Top of DATA SHOWN

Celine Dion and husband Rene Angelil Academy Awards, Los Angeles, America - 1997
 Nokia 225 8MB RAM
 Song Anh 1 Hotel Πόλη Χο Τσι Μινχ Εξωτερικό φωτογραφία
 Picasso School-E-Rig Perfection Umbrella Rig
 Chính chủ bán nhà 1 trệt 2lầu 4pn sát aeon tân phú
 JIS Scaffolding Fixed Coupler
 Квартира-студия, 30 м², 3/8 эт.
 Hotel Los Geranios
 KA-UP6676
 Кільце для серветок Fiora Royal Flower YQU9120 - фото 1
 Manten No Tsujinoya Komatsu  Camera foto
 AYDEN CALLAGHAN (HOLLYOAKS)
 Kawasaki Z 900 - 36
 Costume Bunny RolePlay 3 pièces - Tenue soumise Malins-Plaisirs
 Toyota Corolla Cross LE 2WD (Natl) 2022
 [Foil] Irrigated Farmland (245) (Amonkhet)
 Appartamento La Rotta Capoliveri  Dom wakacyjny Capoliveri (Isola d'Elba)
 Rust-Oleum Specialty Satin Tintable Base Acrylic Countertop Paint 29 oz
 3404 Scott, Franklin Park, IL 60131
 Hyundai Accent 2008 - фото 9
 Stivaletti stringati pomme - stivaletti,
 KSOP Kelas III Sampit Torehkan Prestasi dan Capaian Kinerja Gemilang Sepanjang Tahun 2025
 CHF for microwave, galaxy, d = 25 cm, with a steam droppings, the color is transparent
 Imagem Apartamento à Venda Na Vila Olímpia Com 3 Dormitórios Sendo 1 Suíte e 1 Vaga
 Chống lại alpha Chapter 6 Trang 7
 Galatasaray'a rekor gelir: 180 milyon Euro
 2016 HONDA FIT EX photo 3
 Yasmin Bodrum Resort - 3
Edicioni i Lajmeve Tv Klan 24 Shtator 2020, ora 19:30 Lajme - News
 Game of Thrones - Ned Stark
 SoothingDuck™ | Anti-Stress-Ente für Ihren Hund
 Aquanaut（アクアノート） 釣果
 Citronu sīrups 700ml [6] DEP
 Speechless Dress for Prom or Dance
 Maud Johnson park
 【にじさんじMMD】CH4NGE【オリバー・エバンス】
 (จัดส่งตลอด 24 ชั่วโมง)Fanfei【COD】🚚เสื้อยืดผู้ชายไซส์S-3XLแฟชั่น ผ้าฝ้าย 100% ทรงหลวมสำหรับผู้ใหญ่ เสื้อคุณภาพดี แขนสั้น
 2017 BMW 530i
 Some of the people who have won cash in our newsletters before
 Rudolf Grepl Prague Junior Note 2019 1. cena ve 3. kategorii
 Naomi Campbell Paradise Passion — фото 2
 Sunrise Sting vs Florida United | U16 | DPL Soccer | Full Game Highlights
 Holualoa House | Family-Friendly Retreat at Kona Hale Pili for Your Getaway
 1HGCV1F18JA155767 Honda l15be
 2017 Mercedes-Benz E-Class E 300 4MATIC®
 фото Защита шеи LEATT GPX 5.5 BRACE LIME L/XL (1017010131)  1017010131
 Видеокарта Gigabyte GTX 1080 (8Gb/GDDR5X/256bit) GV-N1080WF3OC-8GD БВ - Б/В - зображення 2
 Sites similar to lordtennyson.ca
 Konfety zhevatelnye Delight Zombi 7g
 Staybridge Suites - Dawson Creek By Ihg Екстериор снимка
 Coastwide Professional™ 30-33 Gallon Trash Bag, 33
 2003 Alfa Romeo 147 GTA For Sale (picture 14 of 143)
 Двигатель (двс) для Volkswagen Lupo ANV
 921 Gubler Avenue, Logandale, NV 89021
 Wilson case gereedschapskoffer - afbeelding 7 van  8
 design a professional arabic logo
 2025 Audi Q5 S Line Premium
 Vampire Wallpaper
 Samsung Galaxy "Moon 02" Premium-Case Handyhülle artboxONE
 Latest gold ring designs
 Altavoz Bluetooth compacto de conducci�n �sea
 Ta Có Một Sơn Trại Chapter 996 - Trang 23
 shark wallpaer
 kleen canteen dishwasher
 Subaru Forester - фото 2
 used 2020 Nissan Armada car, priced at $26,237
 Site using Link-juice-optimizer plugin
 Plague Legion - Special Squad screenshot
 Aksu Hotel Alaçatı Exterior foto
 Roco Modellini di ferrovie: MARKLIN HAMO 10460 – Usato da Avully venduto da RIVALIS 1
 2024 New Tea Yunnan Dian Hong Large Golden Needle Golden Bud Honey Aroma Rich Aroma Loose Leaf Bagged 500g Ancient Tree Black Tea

Bottom of DATA SHOWN

[TASK BRIEF] Look for the string "Trang" in the data above and return every line that has it.

[EXERCISE ANSWER]
 Chống lại alpha Chapter 6 Trang 7
 Ta Có Một Sơn Trại Chapter 996 - Trang 23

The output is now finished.